E0417 18:34:56.915696 7 controller.go:258] controller-runtime/controller "msg"="Reconciler error" "error"="failed to reconcile the remote kubelet RBAC role: failed to determine if kubelet config rbac role \"kubeadm:kubelet-config-1.17\" already exists: Get https://192.168.5.16:6443/apis/rbac.authorization.k8s.io/v1/namespaces/kube-system/roles/kubeadm:kubelet-config-1.17?timeout=30s: http2: server sent GOAWAY and closed the connection; LastStreamID=14267, ErrCode=NO_ERROR, debug=\"\"" "controller"="kubeadmcontrolplane" "request"={"Namespace":"default","Name":"sedef"}
I0417 18:34:56.916109 7 controller.go:179] controllers/KubeadmControlPlane "msg"="Reconcile KubeadmControlPlane" "cluster"="sedef" "kubeadmControlPlane"="sedef" "namespace"="default"
I0417 18:34:56.916387 7 controller.go:225] controllers/KubeadmControlPlane "msg"="Upgrading Control Plane" "cluster"="sedef" "kubeadmControlPlane"="sedef" "namespace"="default"
W0417 18:35:14.844579 7 http.go:392] Error reading backend response: unexpected EOF
Now testing what @vincepri suggested.
If I had to guess, it seems like it's trying to remove the etcd member too soon
@vincepri Noderef is not the issue, we already wait for kube-api-server to be ready.
Tested, same result.
/assign
We shouldn't have panics though, so we need a check in place somewhere before doing that scale down
we already wait for kube-api-server to be ready
We need to wait for the NodeRef to be on Machines
Yes, in the scale down. It is failing to remove etcd member, hence machine is never deleted.

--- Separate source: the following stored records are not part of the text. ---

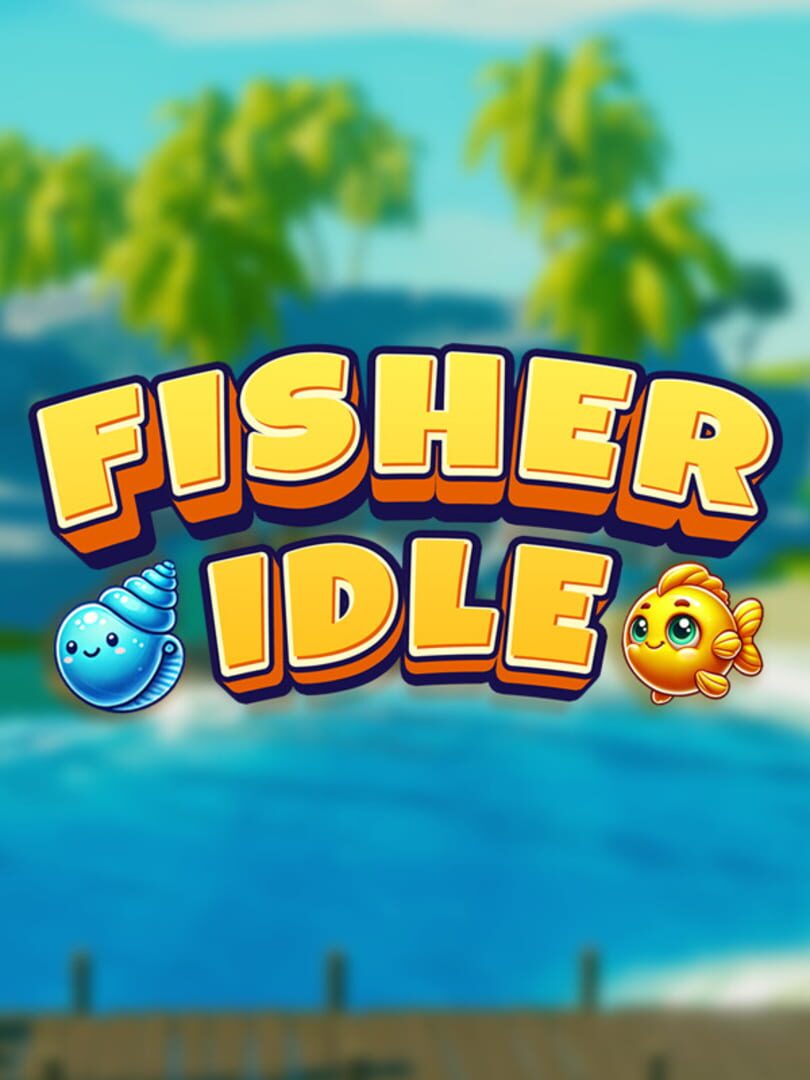 Fisher Idle
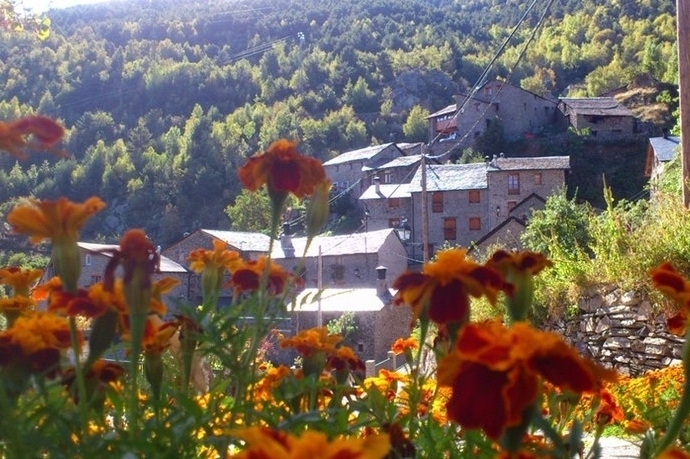 Llavorsí (Montenartro.)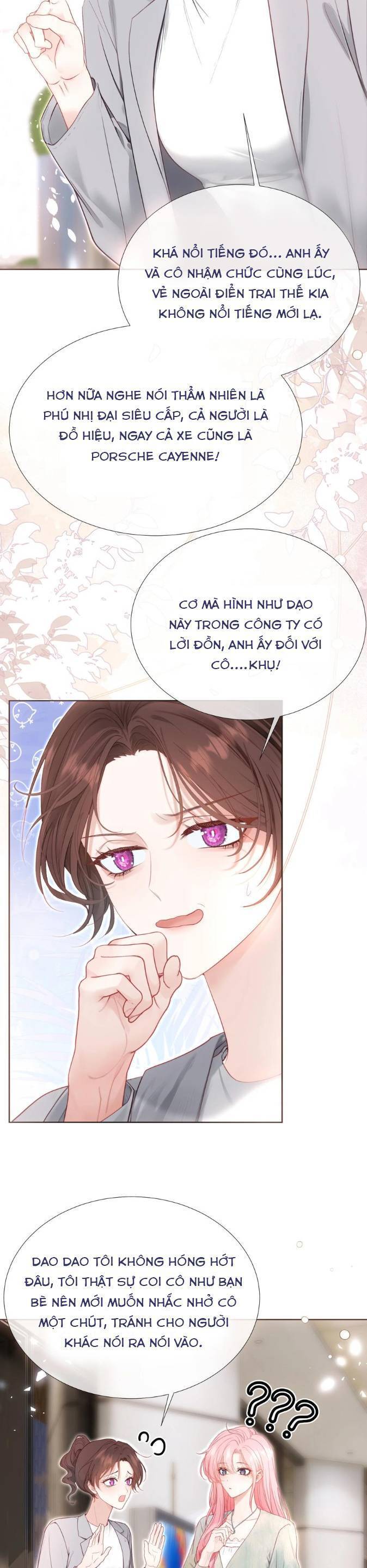 1001 Cách Chinh Phục Chồng Yêu Chapter 90 - Trang 2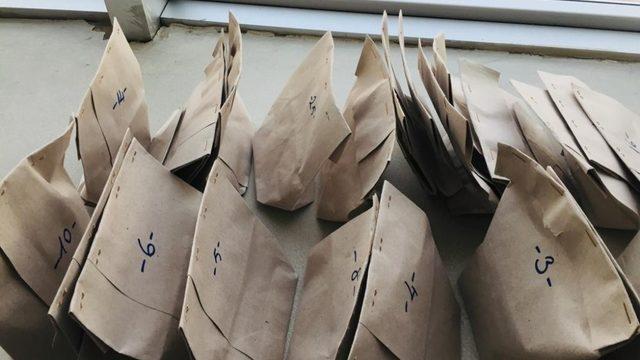 Salihli’den tohum gen bankasına yerli tohum desteği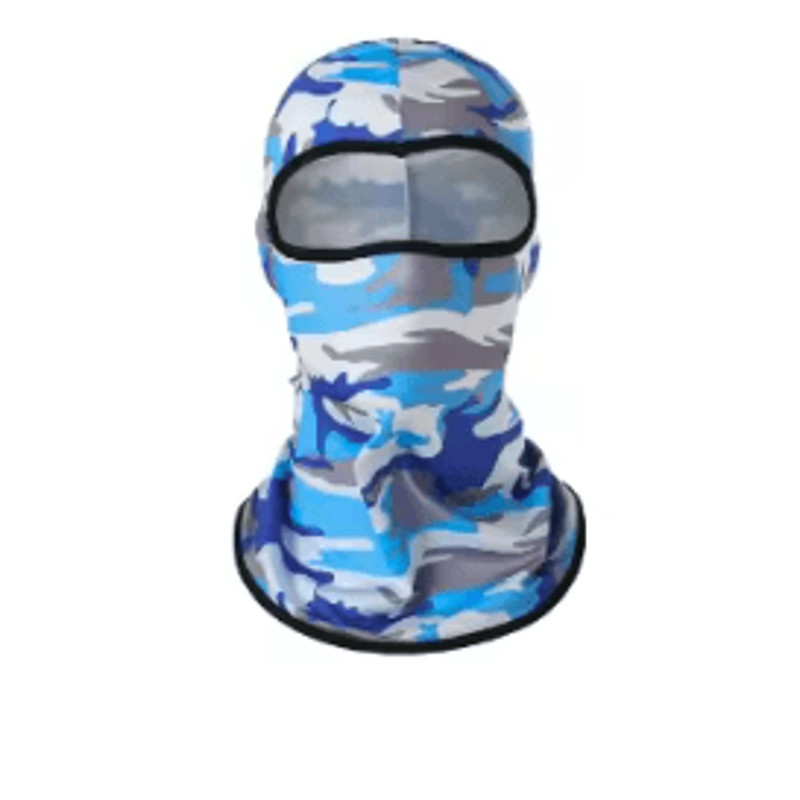 Full Face Ski Mask Balaclava For Cold Weather Protection 13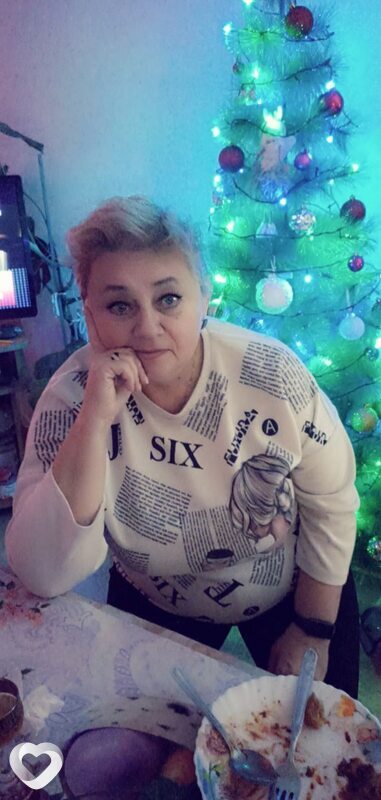 Елена, Усть-Илимск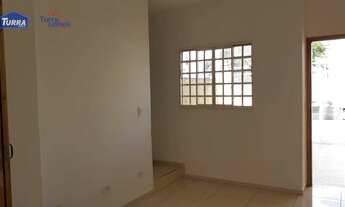 Imagem 3: Casa com 2 dormitórios para alugar, 80 m² por R$ 1.300,00/mês - Jardim Colonial - Atibaia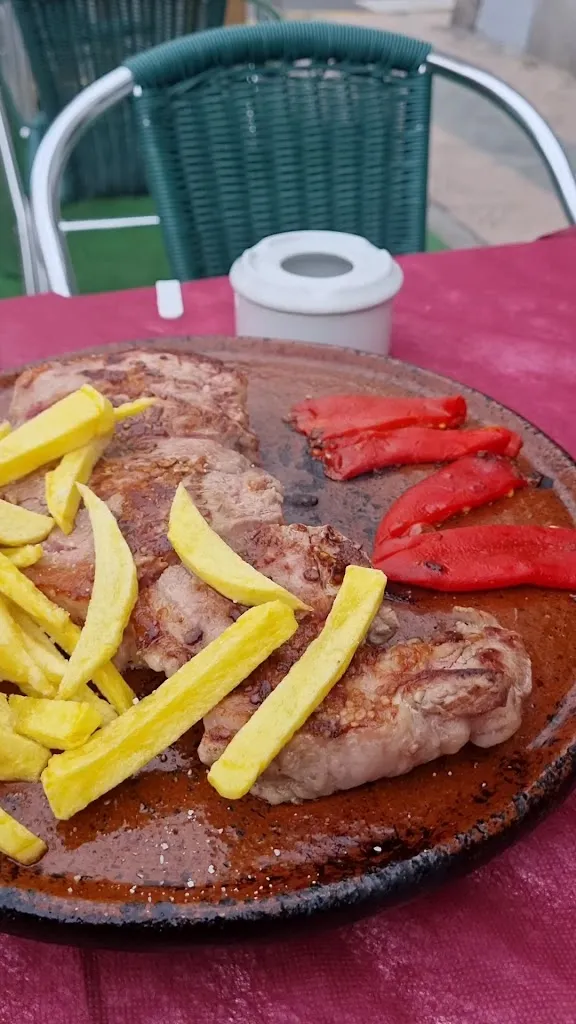 Mesón Antonio_Cabeza de Béjar La_slider_image_2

[manager] E0416 21:46:02.455746 8 scale.go:117] "msg"="Failed to remove etcd member for machine" "error"="failed to create etcd client: unable to create etcd client: context deadline exceeded" "cluster-nanme"="sedef" "name"="sedef" "namespace"="default"I don't understand why it happens only sometimes though.
I have seen that consistently in metal3-dev-env.
In the upgrade of K8S version process, both during scale up and scale down. In order to reach the scale down phase.
@sedefsavas Do you have any update on this issue or some time line ?
@Xenwar There is a PR currently open that has more information #2958, this is considered release blocking, need to have a fix before v0.3.4 is cut.
@vincepri Thanks, will follow the issue.